Zero trust came about as an evolution of a concept called de-perimeterization, or security beyond the firewall, which the Jericho Forum pioneered.
John Kindervag, an analyst at Forrester Research, developed the concept further. Kindervag understood that security extended beyond the edge of an enterprise's defenses made sense given where security trends were leaning.
He devised a term to describe the primary issue: removing trusted relationships within computer systems. When you remove inherent, default, installed trust, you gain a better security paradigm. Zero trust was born.
Today, zero trust is a dominant security strategy; it's being adopted globally. In most cases, zero trust moves the control pane closer to the defended asset and attempts to tightly direct access and privileges, which are the objective arbiters of trust within most systems.
To put it another way, zero trust is nearly always an inversion of the old security paradigm that relied on high-security walls and granted overly permissive access. Instead, zero trust views, validates, and enables every request and move within the system on an as-needed basis.
Why Is Access So Critically Important?
Think for a moment like an adversary or a hacker. Successful hackers know that the biggest bang for the buck comes when they gain access as a user on a compromised system. The golden ticket here is acquiring credentials, access, passwords, user accounts, and privileges. In fact, one of the most used hacking tools is called the "Golden Ticket." Ever heard of Mimikatz? Look it up if you haven't.
Non-validated or compromised access is what an adversary wants – it gives them the keys to the kingdom. A good username and password give you precisely what you need. From a strategic standpoint, it makes sense to eliminate what the bad guys most want to use.
Managing Access Control Using Zero-Trust Strategic Principles
A long-held tenet of zero trust is that everything is compromised until proven otherwise. At some point, for some reason, an asset or entity will get popped – period.
Therefore, we must limit their ability to move laterally in a compromised system. If we can keep hackers "stuck" on the hacker machine or tied to a user account with limited privileges, we can mitigate the attack by isolating the hacked machine or user from the rest of the network.

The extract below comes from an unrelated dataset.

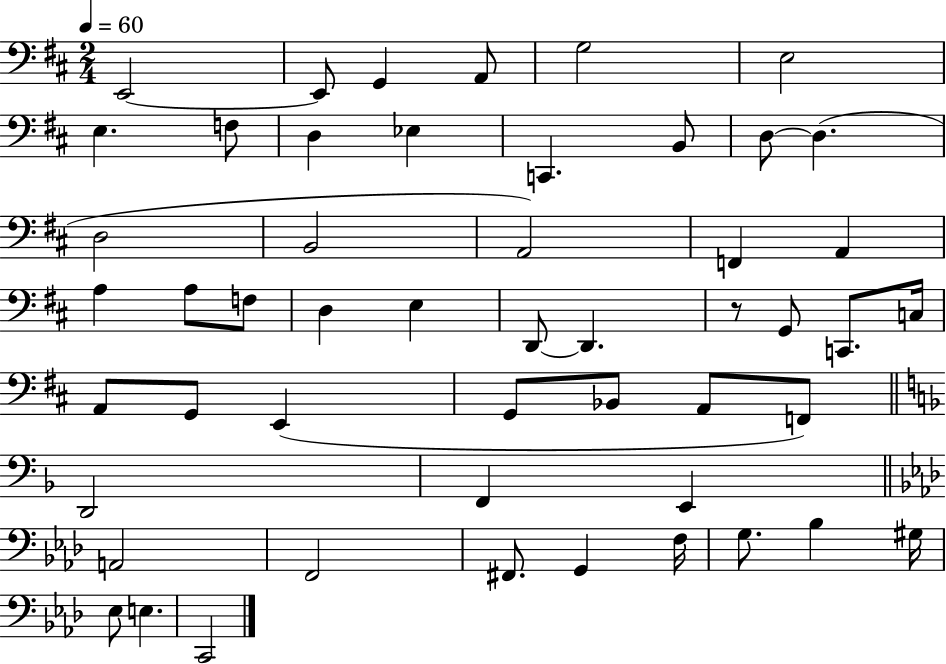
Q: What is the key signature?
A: D major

Applying Zero-Trust Access in Cloud Systems
Data and trends tell us that cloud is the future of the enterprise and business. The cloud infrastructure approach has massive benefits; it has enormous potential avenues of compromise as well. As cloud data storage and repositories grow, more data becomes available for an attacker to target and compromise.
Vendors and third parties often access corporate cloud systems with little (if any) visibility and control, and bring their own security vulnerabilities with them. It's the equivalent of someone walking into your house with dirty shoes on – they might not have meant to track mud all over your nice clean floors, but by the time they have taken their shoes off, it's far too late, and you're left cleaning up the mess.

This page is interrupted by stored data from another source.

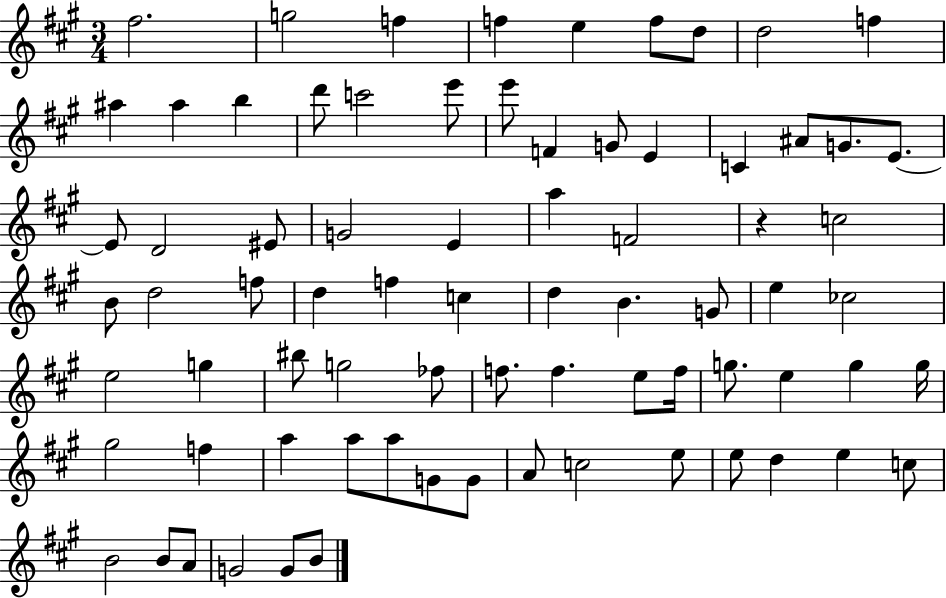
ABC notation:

X:1
T:Untitled
M:3/4
L:1/4
K:A
^f2 g2 f f e f/2 d/2 d2 f ^a ^a b d'/2 c'2 e'/2 e'/2 F G/2 E C ^A/2 G/2 E/2 E/2 D2 ^E/2 G2 E a F2 z c2 B/2 d2 f/2 d f c d B G/2 e _c2 e2 g ^b/2 g2 _f/2 f/2 f e/2 f/4 g/2 e g g/4 ^g2 f a a/2 a/2 G/2 G/2 A/2 c2 e/2 e/2 d e c/2 B2 B/2 A/2 G2 G/2 B/2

Using Access Management to Evolve Zero-Trust Infrastructure
Think big. Start small. And move fast. This should be the mantra for enabling zero trust for your systems.
Think big. Think about the problem you face and the totality of what is required to solve it from the grand strategic level. If you're solving access management and cloud security, keep those issues top of mind as you strategically enable zero trust.
Start small. Be hyperfocused on what to do first. Don't start an access management project with 500 users; start with 25. Or just five. Do the small stuff right and as close to perfect as possible, and then progress.
And scale fast. Here is where the beauty of technology shines. Numerous vendors can provide the technology you need to operate at speed and scale in cloud. Use their solutions to scale your efforts, optimize your budget, and operationalize resources as you scale. Remember: Do the small stuff right. Then you can scale fast and leverage vendor solutions to push your zero trust strategy forward at the pace your business demands.
Enterprises typically solve isolation and segmentation at a micro-level once they handle access management. Small and midsize businesses usually try to address device posture management and software-defined perimeter problems first because they directly affect users and are simpler to resolve.
The final stage in most zero-trust evolution involves data security. Data is the most transitory and ethereal asset that businesses create. Trying to lock such a dynamic asset before solving access management problems that define how data is accessed and by whom is akin to putting the cart in front of the horse.
Last, be sure to remember the adversary, hackers. Hackers want you to be oblivious to what is occurring in your systems. They are chasing the golden ticket. If you don't control your access and privileges, you are essentially handing it to them.